ALIBI: CONSEQUENCE OF THE FAILURE ON THE PART OF THE APPELLANT/ACCUSED TO PROVIDE THE SUFFICIENT PARTICULARS TO THE POLICE ON THE DEFENCE OF ALIBI RAISED BY HIM
The failure on the part of the appellant/accused to provide the sufficient particulars to the police on the defence of alibi raised by him denied him the opportunity to avail himself of its benefit. PER SIDI DAUDA BAGE, J.C.A.
ALIBI: WHETHER IT IS EVERY FAILURE OF THE POLICE TO INVESTIGATE AN ALIBI RAISED BY AN ACCUSED PERSON THAT IS FATAL TO THE CASE TO THE PROSECUTION
…it is a settled principle of law that it is not every failure of the police to investigate an alibi raised by an Accused person that is fatal to the case to the prosecution. See: – Ochemaie V. The State (2008) 6-7 5.C. (pt. 11) 1; Udoebre V. The State (2001) 6 SCNJ 54; Obakpolor V. The State (1991) 1 SCNJ 91 at 106-107. PER SIDI DAUDA BAGE, J.C.A.

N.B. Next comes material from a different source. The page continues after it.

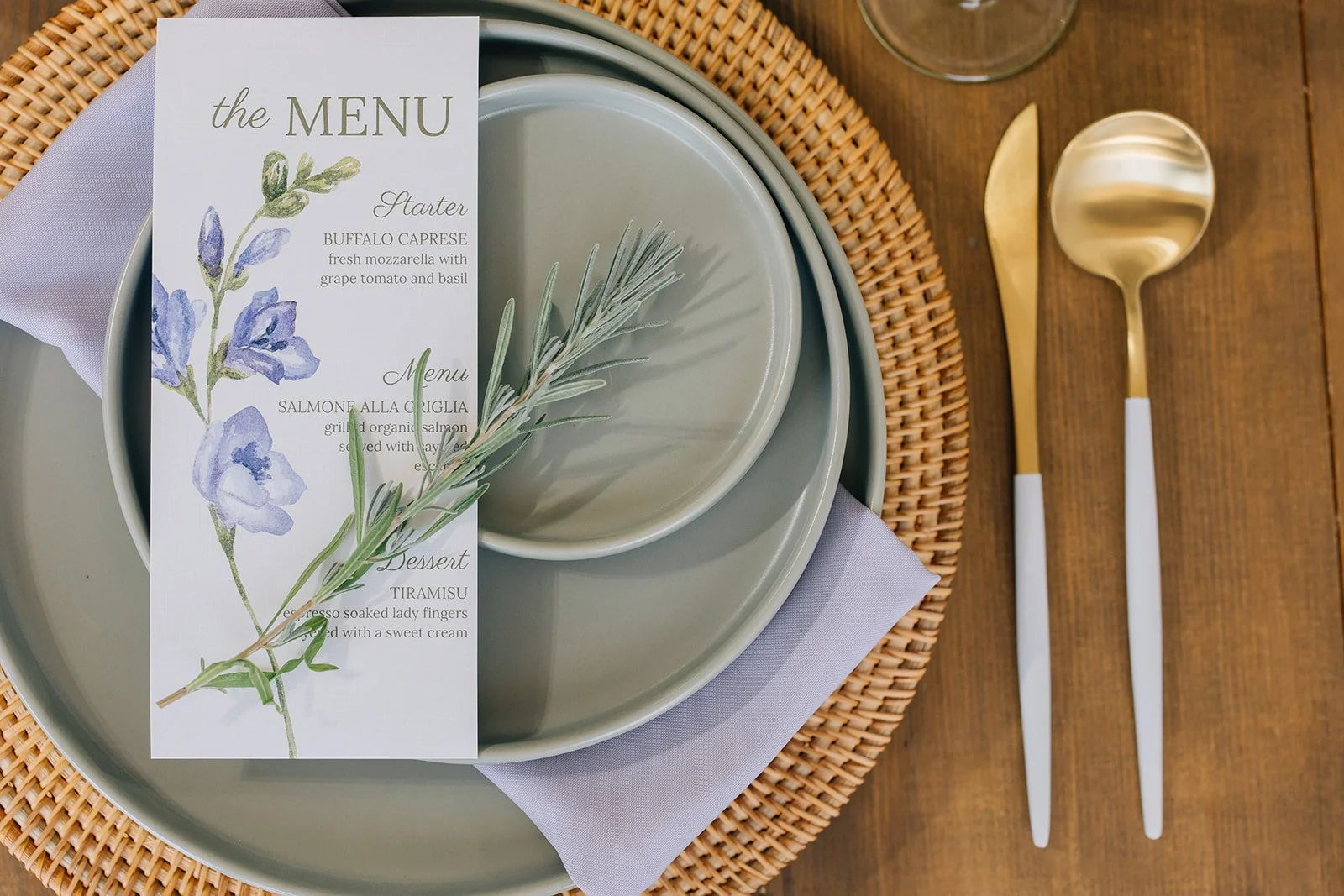 Utah Wedding Photographer-Jackie Siggard Photo + Video-218.jpg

IDENTIFICATION PARADE: OBJECT OF IDENTIFICATION PARADE
The law is already settled that the object of identification parade is to test the ability of a witness to pick out from a group the person, if he is present, who the witness has said that he has seen previously on a specified occasion. Identification parade should be fair and should be seen to be fair, every precaution should be taken to see that they are so, and in particular to exclude any suspicion of unfairness or risk of erroneous identification through the witness, attention being directed specifically to the suspected person instead of equally to all person paraded. See: – Bozin V. State (1983) 2 NWLR (pt. 8) 465 at 471 paragraphs D-E; Ogala v. State (1991) 2 NWLR (pt. 175) 509 at Balogun V. A.G. Ogun State (2002) 4 M.J.S.C. 45 at 58. PER SIDI DAUDA BAGE, J.C.A.

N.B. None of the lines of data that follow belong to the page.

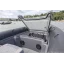 Used Yacht Northstar Orion 8.2
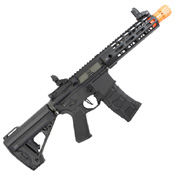 Avalon VR16 Saber CQB M4 AEG Airsoft Rifle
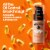 Revlon ColorStay™ 510 Pecan Liquid Foundation Perspective: top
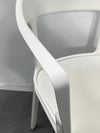 マジス（MAGIS）スティールウッドチェア 商品画像6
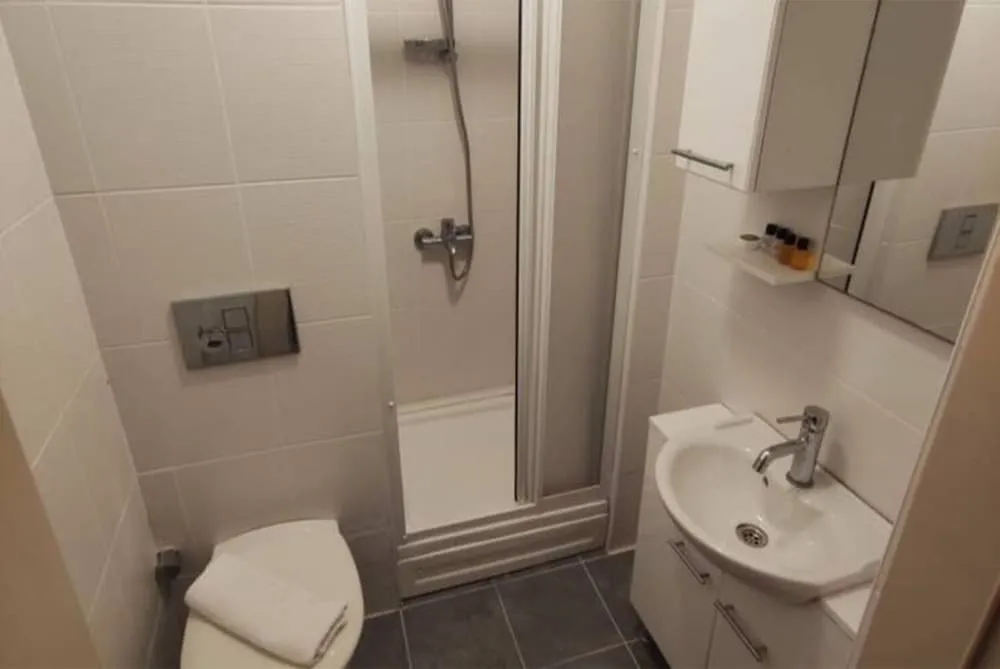 Banyo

OFFENCE OF ARMED ROBBERY: ESSENTIAL INGREDIENTS OF THE OFFENCE OF ARMED ROBBERY THAT MUST BE PROVED BY THE PROSECUTION BEYOND REASONABLE DOUBT
…the essential ingredients of the offence of armed robbery each of which the respondent is by law enjoined to prove beyond reasonable doubt are: (a) There was robbery or series of robberies (b) The robbery was an armed robbery (c) The accused person took part in the robbery. See:-Oyebola V. State (2008) All FWLR (Pt. 402) 1175 Bozin V. State 1985 2 NWLR (Pt. 8) 465… PER SIDI DAUDA BAGE, J.C.A.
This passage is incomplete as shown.